When not one manager had replied by that date, local union members met on the 22 and voted overwhelmingly to begin a strike the next day. The next day was Wednesday, July 23, and true to their word, the men struck.

There have been arguments and debates ever since the strike began over how many Copper Country residents were union members, and of those how many struck. Some argue it was a small minority, others claim it was a majority. It is likely, however, that an exact answer to the questions will never be known for several reasons.

Mine managers themselves wanted to know the answers to those questions, then and later. The WFM, wanting to keep the figures and statistics from the managers, did not release accurate numbers. For public relations reasons, the WFM inflated the numbers of Michigan union members. For reasons of public relations, the mining companies claimed less than a fifth of their employees were union members, and of those members, not all who had joined the union were connected in any way with mining.

Historian and professor Arthur Thurner, wrote that WFM records showed the total membership of all five Copper Country locals at 7,085. If WFM records are even close to accurate, that would make nearly half of the total number of Copper Country underground workers members of the union.

No matter the number, and regardless of the debates (then or now), the opening morning of the strike began with unexpected quiet and not even a little fanfare.

James MacNaughton, general manager of the Calumet and Hecla Mining Company, was at his home near the end of Mine Street getting ready for work at his office on Calumet Avenue and Red Jacket Road when a telephone call informed him the strike had begun. When he arrived at his office at 8 a.m., he was informed that “most” of the underground day shift had reported for work.
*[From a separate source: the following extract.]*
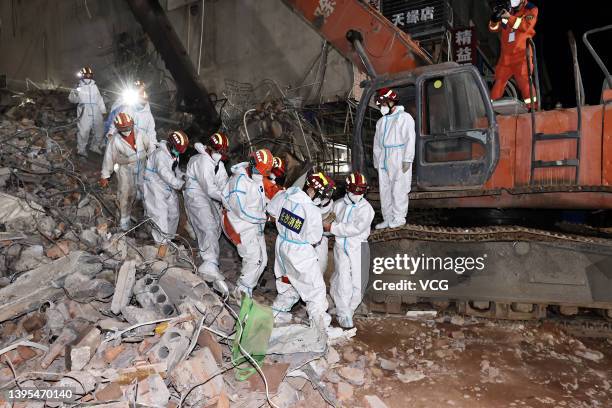 Rescuers carry the 10th survivor at the collapse site of a self-constructed residential building on May 5, 2022 in Changsha, Hunan Province of China....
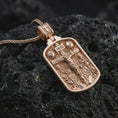 Load image into Gallery viewer, Rose gold plated Jesus INRI crucifixion pendant necklace on dark volcanic rock, photographed in a detailed premium studio macro view.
It was not until later that afternoon that the rioting and violence began. At 4:30 p.m. strikers left a rally in Laurium and paraded toward the village of Red Jacket. Near the north end of the C&H mine, they armed themselves with clubs, pipes, rocks and anything else that could be thrown or swung.

Non-striking men, coming up from underground at the end of the day shift, were struck, kicked, and beaten. Surging southward across the mine’s surface plant, the strikers continued the violent assault on men and mine property.

South of the C&H, at the Osceola mine, rioting also occurred and a man was shot in the arm during the attack.

At the Quincy mine, some nine miles south, above Hancock, and at the Isle Royale mine, on the southern outskirts of Houghton, rioting strikers forced a stop to operations at those mines.

On the south range, strikers brandishing clubs, bags filled with rocks and even pistols, forced the shutdown of the Baltic, Trimountain, and Champion mines.

Mine managers, in the days before the strike, had deputized hundreds of men, creating a private police force with the aim of protecting mine property in the event of a violent strike. They quickly found their deputies insufficient and understrength to deal with the violence of the scale that occurred on the afternoon and early evening of that strange Wednesday.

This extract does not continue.